Reliability of GPT-4 grading between attempts
- Intra-rater ICCs across 3 GPT-4 trials varied. Single measures showed moderate reliability for Item 1, good reliability for Items 2 and 4, and excellent reliability for Item 3. Average measures indicated good reliability for Item 1 and excellent reliability for the remaining items. Further results can be found in Supplement 6.
Difference between GPT-4 and human raters in pharmacy students’ exam responses
- The Wilcoxon signed-rank test showed significant differences in GPT-4 versus human scores for Items 1 (Z=–4.329, P<0.001), 2 (Z=8.708, P<0.001), and 4 (Z=5.710, P<0.001). Item 3 showed no significant difference (Z=–0.226, P=0.821). When stratified by score bands, all items showed significant differences in the high band. Differences in the low and intermediate bands varied by item, as shown in Supplement 7.
Score calculation errors and other errors identified in GPT-4’s evaluations
- Score calculation errors were highest in Item 3 (34.07%±8.75%), followed by Item 4 (7.82%±8.60%), Item 1 (6.67%±2.44%), and Item 2 (2.88%±2.40%), as shown in Supplement 8.
- A review of GPT-4’s evaluation rationale revealed recurring issues across all items. Despite explicit instructions, it sometimes applied its own discretion, awarding marks beyond the rubric scope or for restated ideas. It was more lenient with flexible marking criteria and occasionally over-allocated marks. Other errors included failing to recognize correct responses, missing parts of responses, altering responses to fit the rubric, or misinterpreting language. Mean frequencies of these issues are summarized in Supplement 9.
Discussion
- Key results
- This study emphasized both the potential and limitations of GPT-4 in grading pharmacy students’ exam responses, particularly in its alignment with human grading practices. By systematically optimizing prompts and evaluating performance across several metrics, we found that GPT-4 can achieve moderate to excellent inter-rater reliability depending on the item type. However, variability in agreement—especially for high-scoring answers—underscores the challenge of matching artificial intelligence (AI) evaluations to human judgment in discipline-specific settings.
- Interpretation/comparison with previous studies
Effects of prompt optimization
- Prompt optimization was critical for improving GPT-4’s grading reliability and reducing errors. Li et al. [8] observed significant score variation across 5 prompts when grading coding and reflective essay assignments, emphasizing the importance of task-specific prompts.

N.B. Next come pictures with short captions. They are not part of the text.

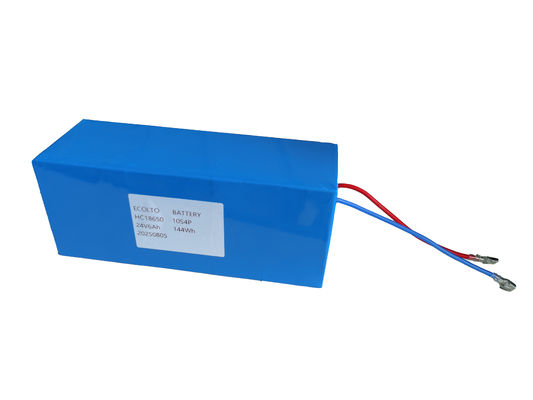 24V 6Ah LTO 리튬 티타네이트 배터리 – 중단 없는 태양광 성능을 위한 최고의 태양광 추적기 배터리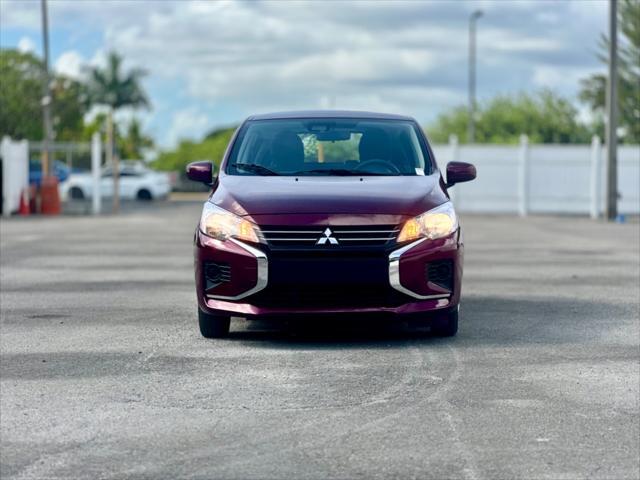 used 2024 Mitsubishi Mirage car, priced at $11,499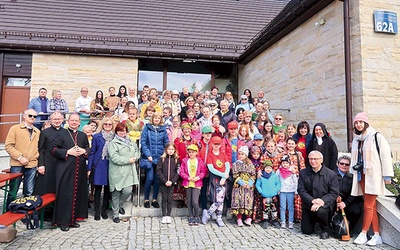 Ubiegłoroczny zjazd odbył się w Tychach, w parafii św. Marii Magdaleny.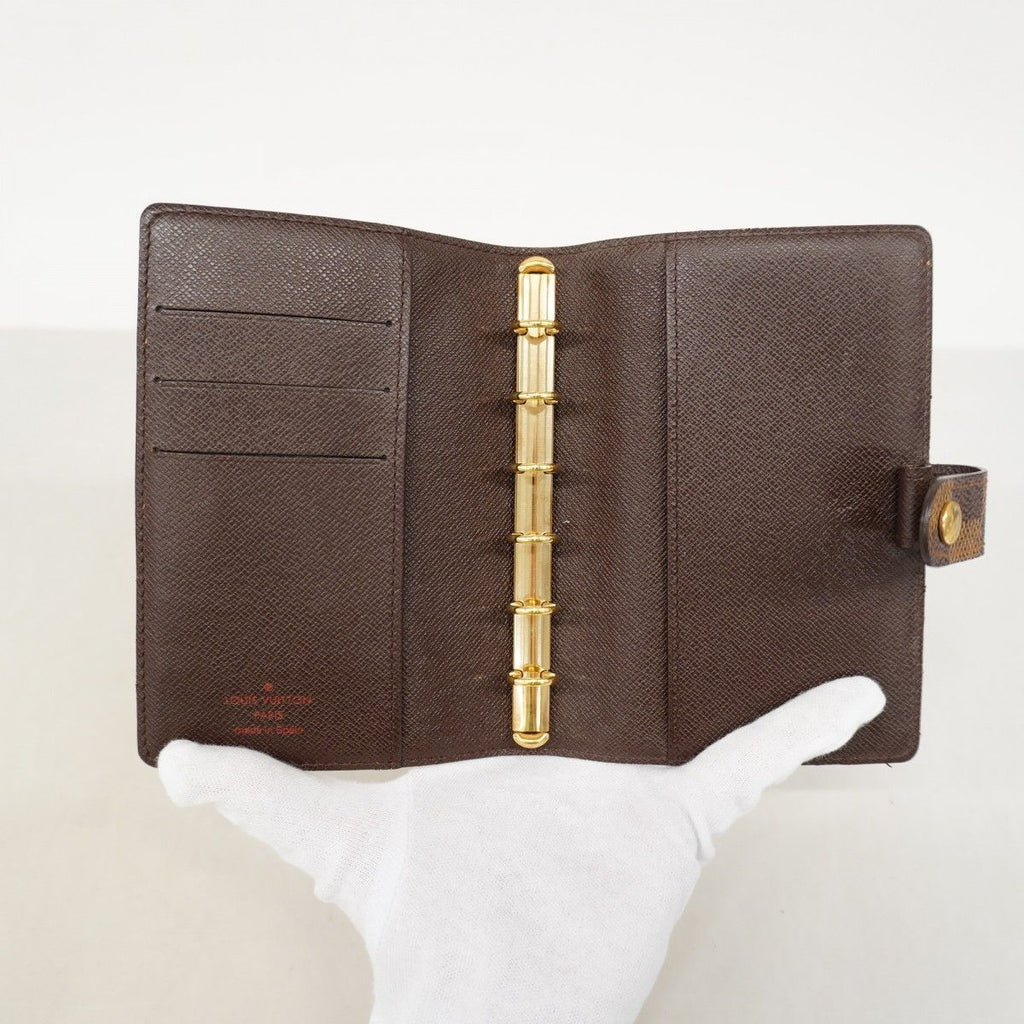 Louis Vuitton Notebook Cover Damier Agenda PM Ebene — view 3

In our study, iterative, item-specific refinement led to substantial ICC improvements, with most exam items achieving moderate to excellent reliability. Yavuz et al. [10] similarly reported that fine-tuned prompts with low temperature settings produced more consistent grading than default prompts. While refinement requires upfront effort, it improves long-term reliability. Approaches like those of Jukiewicz [9], which employ developer-informed prompt engineering strategies, could accelerate this process.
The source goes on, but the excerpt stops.